As each family member’s flaws are uncovered, so is the heavy hand Aristide had in their lives. His influence reverberates in the lives of each Leonides even after his death. His sons, Roger and Philip, are particularly affected. Roger, the favorite, has been saddled with Aristide’s company despite having no business acumen or drive. Philip, sidelined by his father, is bitter and reserved as a result, holding onto resentment toward Aristide and Roger. Their individual flaws are exacerbated by living together at Swinly Dean, siphoning off Aristide’s fortune. They haven’t needed to develop independence or face up to challenges, so their worst qualities have been allowed to grow unchecked.
Brenda remains the prime suspect in these chapters, though she is still an unconvincing killer. Discussing the question of Brenda’s guilt, Sophia acknowledges that her grandfather was not a fool who could easily be taken advantage of by his young wife. In fact, she describes him more like a puppet master—he married a poor, pretty girl on a whim and then carefully organized a life that would keep her satisfied and happy, even if she did not truly love him. Through the family’s various anecdotes, a picture is forming of Aristide as a well-loved man with exacting control over his own and his family’s lives, which makes the fact that he was caught off guard by someone at Three Gables even stranger.

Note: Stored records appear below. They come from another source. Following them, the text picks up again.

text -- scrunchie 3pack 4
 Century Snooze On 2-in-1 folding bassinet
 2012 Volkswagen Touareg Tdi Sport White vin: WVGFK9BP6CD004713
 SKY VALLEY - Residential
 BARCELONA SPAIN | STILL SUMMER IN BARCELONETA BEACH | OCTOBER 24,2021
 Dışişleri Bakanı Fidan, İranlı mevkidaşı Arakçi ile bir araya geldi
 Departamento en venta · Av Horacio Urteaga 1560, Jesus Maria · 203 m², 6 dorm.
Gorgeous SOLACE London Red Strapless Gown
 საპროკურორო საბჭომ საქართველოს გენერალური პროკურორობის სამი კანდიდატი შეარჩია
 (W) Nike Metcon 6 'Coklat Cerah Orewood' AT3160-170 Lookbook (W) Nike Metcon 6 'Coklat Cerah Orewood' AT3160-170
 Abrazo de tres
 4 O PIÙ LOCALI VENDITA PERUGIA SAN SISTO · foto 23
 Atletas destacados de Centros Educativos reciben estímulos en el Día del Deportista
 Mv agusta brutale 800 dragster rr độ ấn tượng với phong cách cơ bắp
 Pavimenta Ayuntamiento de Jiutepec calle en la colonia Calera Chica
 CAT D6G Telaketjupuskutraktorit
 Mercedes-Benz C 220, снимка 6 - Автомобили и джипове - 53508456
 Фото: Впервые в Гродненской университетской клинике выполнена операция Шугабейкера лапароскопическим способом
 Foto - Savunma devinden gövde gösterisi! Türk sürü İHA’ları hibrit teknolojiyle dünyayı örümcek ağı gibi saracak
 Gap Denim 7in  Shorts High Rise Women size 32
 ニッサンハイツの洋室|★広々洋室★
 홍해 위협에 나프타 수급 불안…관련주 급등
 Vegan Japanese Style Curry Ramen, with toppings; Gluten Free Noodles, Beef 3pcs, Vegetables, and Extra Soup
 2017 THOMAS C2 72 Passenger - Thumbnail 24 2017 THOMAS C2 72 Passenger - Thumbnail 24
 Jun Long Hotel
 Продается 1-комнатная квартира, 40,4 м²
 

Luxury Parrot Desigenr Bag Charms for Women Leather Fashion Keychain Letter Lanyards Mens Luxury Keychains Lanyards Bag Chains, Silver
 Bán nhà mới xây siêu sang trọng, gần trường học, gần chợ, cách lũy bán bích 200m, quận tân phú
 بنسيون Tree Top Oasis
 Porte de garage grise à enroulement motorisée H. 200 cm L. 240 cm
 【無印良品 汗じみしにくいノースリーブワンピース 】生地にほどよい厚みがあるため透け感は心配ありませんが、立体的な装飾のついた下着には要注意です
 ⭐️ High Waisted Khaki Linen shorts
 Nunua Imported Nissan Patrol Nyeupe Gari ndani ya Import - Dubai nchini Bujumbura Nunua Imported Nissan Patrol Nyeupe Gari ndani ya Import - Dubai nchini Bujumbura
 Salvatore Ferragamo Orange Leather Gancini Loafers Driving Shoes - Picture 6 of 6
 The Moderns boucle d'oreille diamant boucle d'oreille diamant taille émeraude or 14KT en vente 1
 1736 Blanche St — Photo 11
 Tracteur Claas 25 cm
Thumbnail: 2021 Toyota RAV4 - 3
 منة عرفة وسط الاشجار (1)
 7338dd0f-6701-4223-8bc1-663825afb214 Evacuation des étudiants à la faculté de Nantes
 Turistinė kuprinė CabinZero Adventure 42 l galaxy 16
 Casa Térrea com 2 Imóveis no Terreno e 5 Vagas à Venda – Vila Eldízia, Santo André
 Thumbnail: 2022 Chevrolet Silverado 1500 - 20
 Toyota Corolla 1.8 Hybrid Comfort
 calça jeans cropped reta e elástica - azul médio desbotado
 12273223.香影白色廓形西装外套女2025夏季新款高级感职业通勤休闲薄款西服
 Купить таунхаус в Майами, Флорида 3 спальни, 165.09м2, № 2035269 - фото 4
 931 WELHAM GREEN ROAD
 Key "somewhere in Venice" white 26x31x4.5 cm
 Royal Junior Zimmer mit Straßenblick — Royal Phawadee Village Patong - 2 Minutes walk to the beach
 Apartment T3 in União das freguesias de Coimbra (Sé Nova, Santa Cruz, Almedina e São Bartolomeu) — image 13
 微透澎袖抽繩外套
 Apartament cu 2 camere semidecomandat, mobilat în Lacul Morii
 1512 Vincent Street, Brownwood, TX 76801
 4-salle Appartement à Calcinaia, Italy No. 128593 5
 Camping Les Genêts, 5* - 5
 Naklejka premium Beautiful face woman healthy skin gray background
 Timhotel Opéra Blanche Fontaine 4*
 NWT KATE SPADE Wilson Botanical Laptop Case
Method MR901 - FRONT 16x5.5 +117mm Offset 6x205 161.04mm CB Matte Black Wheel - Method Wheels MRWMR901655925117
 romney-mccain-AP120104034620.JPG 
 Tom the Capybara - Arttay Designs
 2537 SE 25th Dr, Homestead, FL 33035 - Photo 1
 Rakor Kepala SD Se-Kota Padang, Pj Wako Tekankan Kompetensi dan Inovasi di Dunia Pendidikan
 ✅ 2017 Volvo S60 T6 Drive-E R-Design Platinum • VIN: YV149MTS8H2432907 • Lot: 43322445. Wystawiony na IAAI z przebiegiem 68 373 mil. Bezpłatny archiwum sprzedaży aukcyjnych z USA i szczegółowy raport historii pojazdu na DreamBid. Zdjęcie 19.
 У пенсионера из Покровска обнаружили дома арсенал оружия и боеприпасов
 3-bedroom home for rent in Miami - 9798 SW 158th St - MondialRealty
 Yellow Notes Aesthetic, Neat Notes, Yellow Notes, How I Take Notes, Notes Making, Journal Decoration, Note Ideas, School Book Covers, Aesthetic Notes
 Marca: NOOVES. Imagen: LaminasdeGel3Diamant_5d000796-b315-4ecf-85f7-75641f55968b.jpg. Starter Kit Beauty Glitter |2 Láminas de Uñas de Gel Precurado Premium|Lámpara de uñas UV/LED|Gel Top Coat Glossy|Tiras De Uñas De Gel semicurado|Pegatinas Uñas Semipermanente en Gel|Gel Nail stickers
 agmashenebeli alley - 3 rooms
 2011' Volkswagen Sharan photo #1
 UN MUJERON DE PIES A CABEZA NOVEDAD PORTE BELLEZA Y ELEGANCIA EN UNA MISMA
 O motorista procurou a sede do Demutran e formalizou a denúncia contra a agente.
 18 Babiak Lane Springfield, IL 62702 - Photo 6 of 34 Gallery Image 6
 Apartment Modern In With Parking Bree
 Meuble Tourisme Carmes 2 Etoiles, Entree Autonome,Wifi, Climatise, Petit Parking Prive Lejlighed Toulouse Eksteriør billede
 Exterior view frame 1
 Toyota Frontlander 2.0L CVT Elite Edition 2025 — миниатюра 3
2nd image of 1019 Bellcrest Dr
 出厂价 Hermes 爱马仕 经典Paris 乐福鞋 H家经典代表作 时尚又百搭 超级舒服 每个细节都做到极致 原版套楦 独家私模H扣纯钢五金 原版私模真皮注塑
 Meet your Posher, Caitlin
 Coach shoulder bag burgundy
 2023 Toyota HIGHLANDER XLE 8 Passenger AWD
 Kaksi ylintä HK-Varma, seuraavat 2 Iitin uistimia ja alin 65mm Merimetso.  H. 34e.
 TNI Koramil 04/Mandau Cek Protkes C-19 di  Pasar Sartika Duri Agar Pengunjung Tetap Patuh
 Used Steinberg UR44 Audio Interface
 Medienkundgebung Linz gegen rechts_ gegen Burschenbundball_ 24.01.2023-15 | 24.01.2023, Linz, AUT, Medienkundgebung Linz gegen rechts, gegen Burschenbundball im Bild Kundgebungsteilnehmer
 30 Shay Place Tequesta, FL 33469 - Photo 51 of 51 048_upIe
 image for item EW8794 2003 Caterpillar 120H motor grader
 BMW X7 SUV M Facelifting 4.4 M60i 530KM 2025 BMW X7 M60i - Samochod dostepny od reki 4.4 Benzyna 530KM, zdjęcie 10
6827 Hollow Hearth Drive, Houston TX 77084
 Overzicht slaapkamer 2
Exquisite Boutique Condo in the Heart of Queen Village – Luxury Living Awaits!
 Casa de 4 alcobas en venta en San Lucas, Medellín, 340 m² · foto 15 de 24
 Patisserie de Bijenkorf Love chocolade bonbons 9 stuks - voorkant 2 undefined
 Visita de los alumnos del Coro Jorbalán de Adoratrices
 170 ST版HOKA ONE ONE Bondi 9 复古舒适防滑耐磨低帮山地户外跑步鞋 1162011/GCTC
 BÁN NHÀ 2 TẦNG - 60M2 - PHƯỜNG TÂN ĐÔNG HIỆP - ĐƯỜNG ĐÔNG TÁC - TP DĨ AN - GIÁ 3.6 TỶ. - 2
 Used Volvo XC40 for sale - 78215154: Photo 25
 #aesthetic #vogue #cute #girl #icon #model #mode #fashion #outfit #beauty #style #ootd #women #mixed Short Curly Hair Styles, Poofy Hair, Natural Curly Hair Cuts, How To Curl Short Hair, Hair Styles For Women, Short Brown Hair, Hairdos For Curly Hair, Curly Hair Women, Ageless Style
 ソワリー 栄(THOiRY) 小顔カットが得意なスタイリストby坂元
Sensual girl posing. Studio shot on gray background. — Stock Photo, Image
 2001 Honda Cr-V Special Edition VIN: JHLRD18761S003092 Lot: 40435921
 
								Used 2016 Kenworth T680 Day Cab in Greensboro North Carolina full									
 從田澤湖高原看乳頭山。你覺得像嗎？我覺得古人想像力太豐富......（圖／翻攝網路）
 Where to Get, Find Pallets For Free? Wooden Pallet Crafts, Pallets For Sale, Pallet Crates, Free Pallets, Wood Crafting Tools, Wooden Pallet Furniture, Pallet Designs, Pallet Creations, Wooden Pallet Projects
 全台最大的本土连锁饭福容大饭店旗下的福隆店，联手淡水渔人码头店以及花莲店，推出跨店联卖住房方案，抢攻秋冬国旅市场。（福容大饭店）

These chapters further impress the importance of reputation. The Leonideses are desperate to believe Brenda killed Aristide because it is the only option that would not smear the family’s good name. They have never considered her one of them because of her lower-class upbringing, so cutting her out of Three Gables would be no loss to them. The investigators, too, would love to close a tidy case of a young wife picking off her wealthy old spouse. Yet Christie continues to insinuate that Brenda is innocent. Sophia directly contradicts herself by accusing Brenda of manipulation but admitting that Aristide planned out every detail of their marriage. Like the rest of her family, she wants to blindly condemn Brenda but cannot bring herself to do so convincingly. Charles is sympathetic toward Brenda. As an outsider, he can recognize the unfair nature of the Leonides family’s cruelty toward the young woman, but his judgement is still fallible. It’s possible that he is too easily swayed by attractive women like Sophia and Brenda, and therefore blind to their potential involvement in the crime.
Christie briefly sets up a secondary red herring in Roger, but he is soon cleared of suspicion. Crooked House still has no obvious suspect, leaving the case open enough that each character is a potential killer. Suspense and tension remain high as the novel’s rising action commences.